What you should do: Make an exact copy of the entries below and leave any picture out of it.

Material to process:
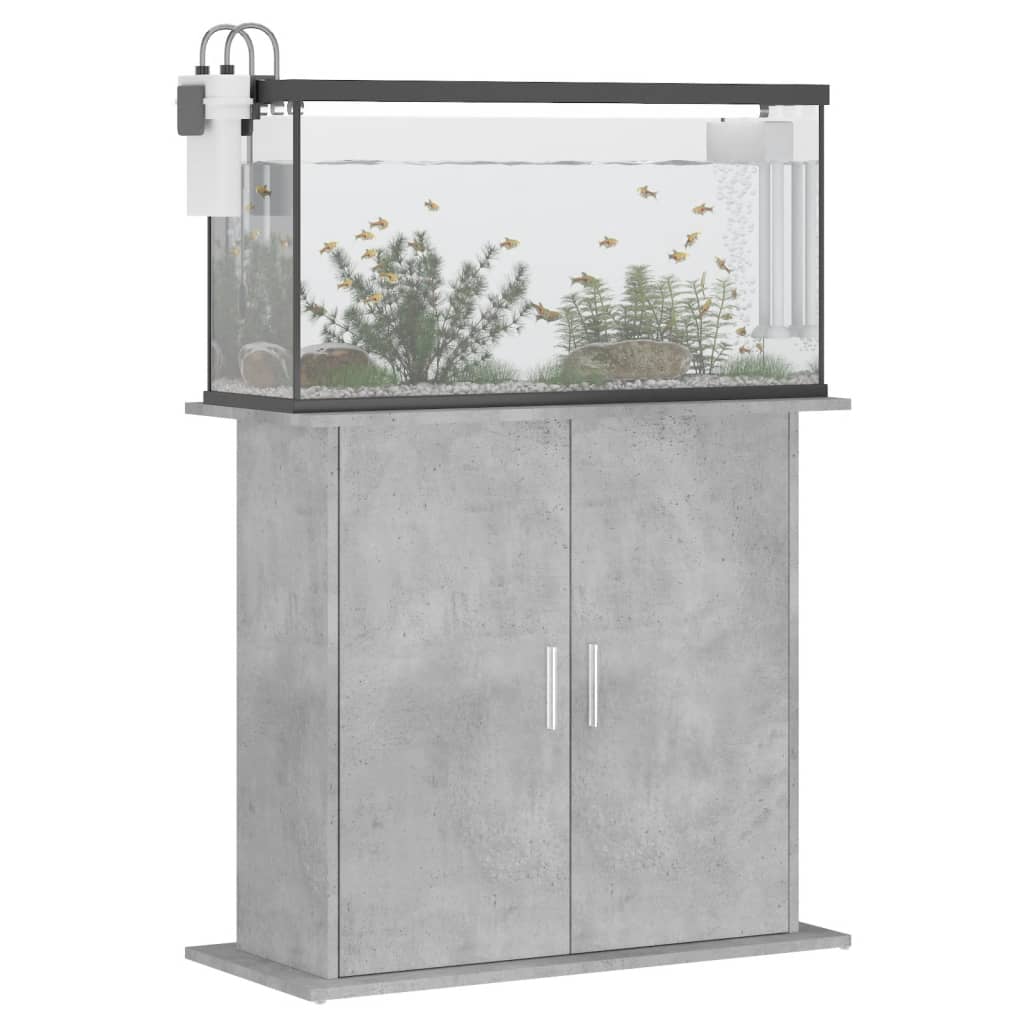 vidaXL Stojak pod akwarium Betonowy Szary 81x36x73 cm Drewno konstrukcyjne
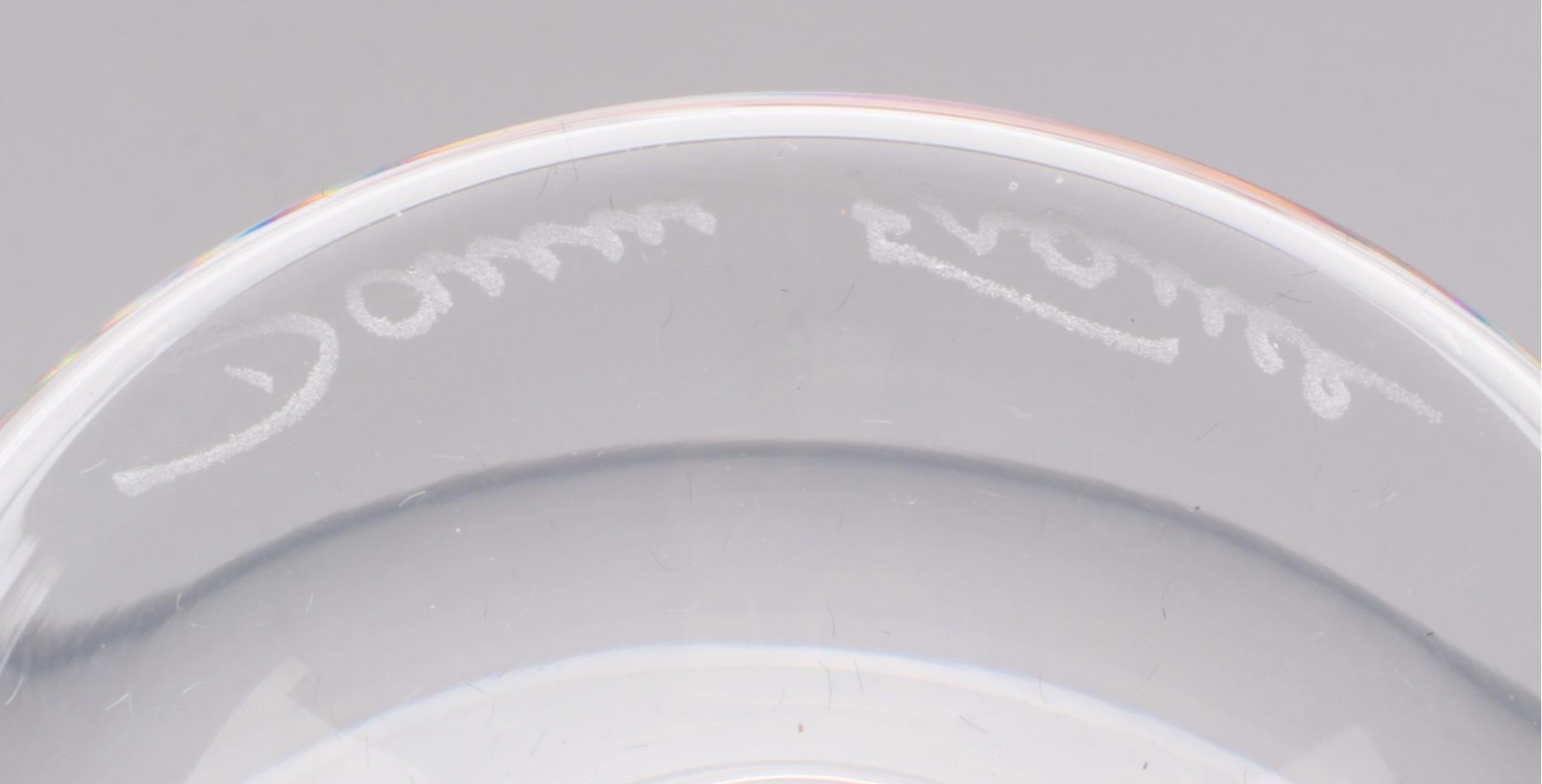 Daum Pate de Verre Butterfly Perfume Bottle with Box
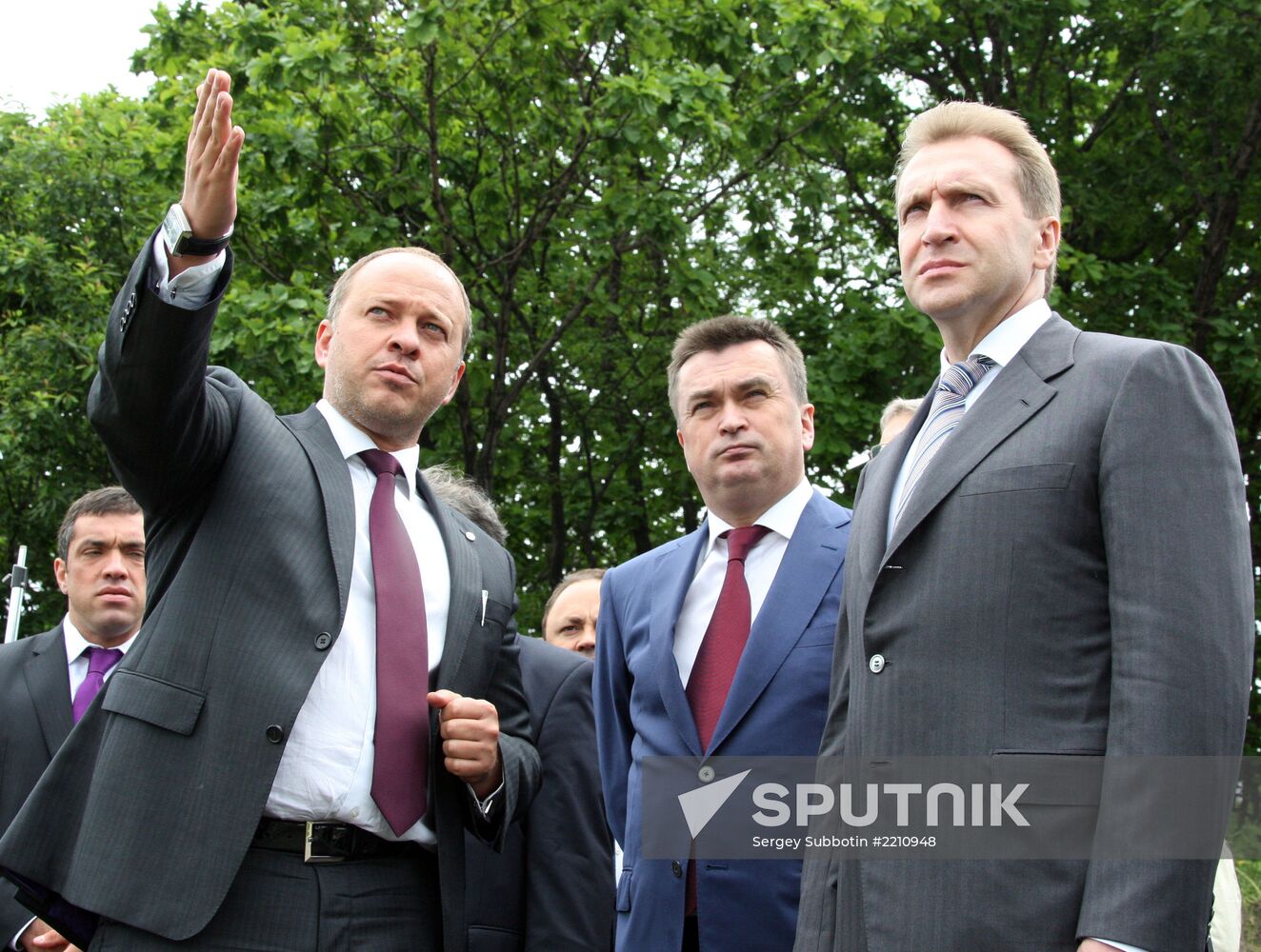 Igor Shuvalov's working visit to Vladivostok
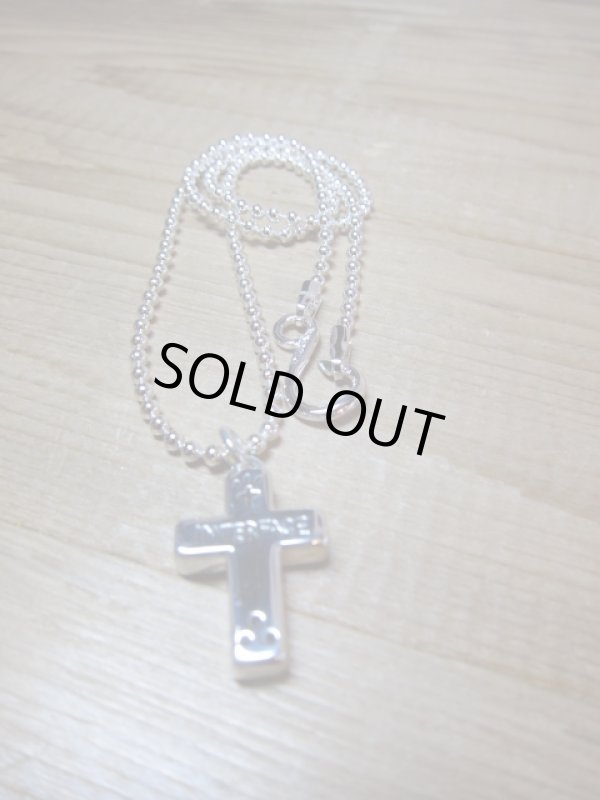 画像1: INTERFACE/CROSS PENDANT  SILVERxBRASS CHAIN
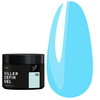 Gel für Extensions SILLER Zefir Nr. 08 (Glas) blau 15 ml (NF-00019235) - Фото №1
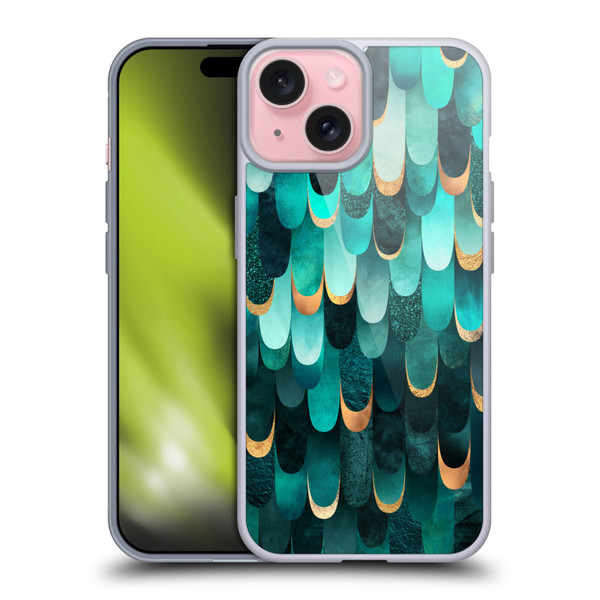 Elisabeth Fredriksson Sparkles Turquoise Soft Gel Case for Apple iPhone 15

Exercise result:
 vidaXL Stojak pod akwarium Betonowy Szary 81x36x73 cm Drewno konstrukcyjne
 Daum Pate de Verre Butterfly Perfume Bottle with Box
 Igor Shuvalov's working visit to Vladivostok
 画像1: INTERFACE/CROSS PENDANT  SILVERxBRASS CHAIN
 Gel für Extensions SILLER Zefir Nr. 08 (Glas) blau 15 ml (NF-00019235) - Фото №1
 Elisabeth Fredriksson Sparkles Turquoise Soft Gel Case for Apple iPhone 15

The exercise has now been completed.